Teori não participou do julgamento do mensalão porque chegou ao
STF com a locomotiva em movimento. Tomará parte, porém, do julgamento dos
embargos, como são apelidados os recursos. Quer dizer: confirmando-se a saída
do decano Celso de Mello, o placar de 5 a 4 a favor da poda automática dos
mandatos passa a ser de 5 a 4 pela transferência da batata quente para o
plenário da Câmara, que decidirá o futuro dos condenados em votação secreta.
Uma particularidade distingue o caso de João Paulo dos demais.
Antes de aposentar-se, o ex-ministro Cezar Peluso participara da sessão em que
João Paulo fora condenado. Ele havia deixado por escrito a dosimetria da pena
do deputado. Além de enviá-lo à cadeia, suspendeu-lhe os direitos políticos e
votou pela perda do mandato.
Ou seja: no caso de João Paulo, computando-se o voto de Peluzo,
o placar seria de seis a quatro pela cassação automática. Ao proclamar o
resultado, porém, o presidente Joaquim Barbosa não fez tal distinção. Teori
entrou no STF na vaga de Peluso. Na hora de julgar o recurso de João Paulo, o
Supremo terá de decidir se vale o voto do antecessor ou o do titular.
De resto, o placar pode ser modificado dependendo do ritmo e da
qualidade das indicações que Dilma Rousseff terá de fazer para o STF. Já se
encontra pendente de preenchimento a vaga de Carlos Ayres Britto, que se
aposentou pouco depois de Peluso, antes da conclusão da fase da dosimetria.
Saindo Celso de Mello, seriam duas as cadeiras vazias.
A menos que Dilma escolha uma dupla de magistrados fechados com
a tese da lâmina, são grandes as chances de o atual presidente da Câmara, Marco
Maia (PT-RS), sorrir por último.

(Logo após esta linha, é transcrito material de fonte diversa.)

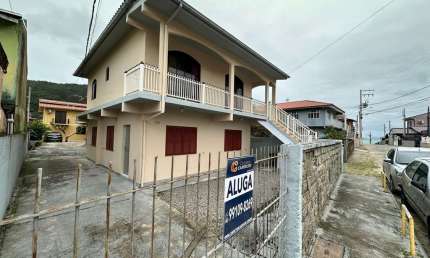 Apartamento com 3 quartos para alugar na Rua Joaquim Neves, 125, Pântano do Sul, Florianópolis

Nesta segunda-feira, mesmo depois de ter sido
chamado de "irresponsável" por Celso de Mello, Maia reiterou:
"Houve uma ingerência sobre um Poder que tem garantido pela Constituição o
direito de cassações de mandatos dos seus parlamentares."
Além de Celso de Mello há apenas outros dois ministros que
chegaram ao STF antes da Era petista: Marco Aurélio Mello, indicado por
Fernando Collor; e Gilmar Mendes, guindado ao Supremo por Fernando Henrique
Cardoso. Todos os demais saíram das canetas de Lula e Dilma.
A dança de cadeiras tende a influenciar no julgamento de outros
recursos. Se Celso de Mello bater mesmo em retirada, hipótese que admitira há
quatro meses numa entrevista à repórter Mônica Bergamo, será a segunda baixa na
infantaria do 'mata-e-esfola'. A exemplo do recém-aposentado Ayres Britto, o
decano também seguiu os votos draconianos do relator Barbosa em 99,9% dos
casos.
Um dos advogados de grife que atuam no processo recordava na
noite passada que todos os réus que tiveram no mínimo quatro votos a favor da
absolvição recorrerão das sentenças condenatórias. Num julgamento permeado de
placares espremidos, a ausência de um par de magistrados duros pode significar
a migração de uma cana dura para um regime semi-aberto.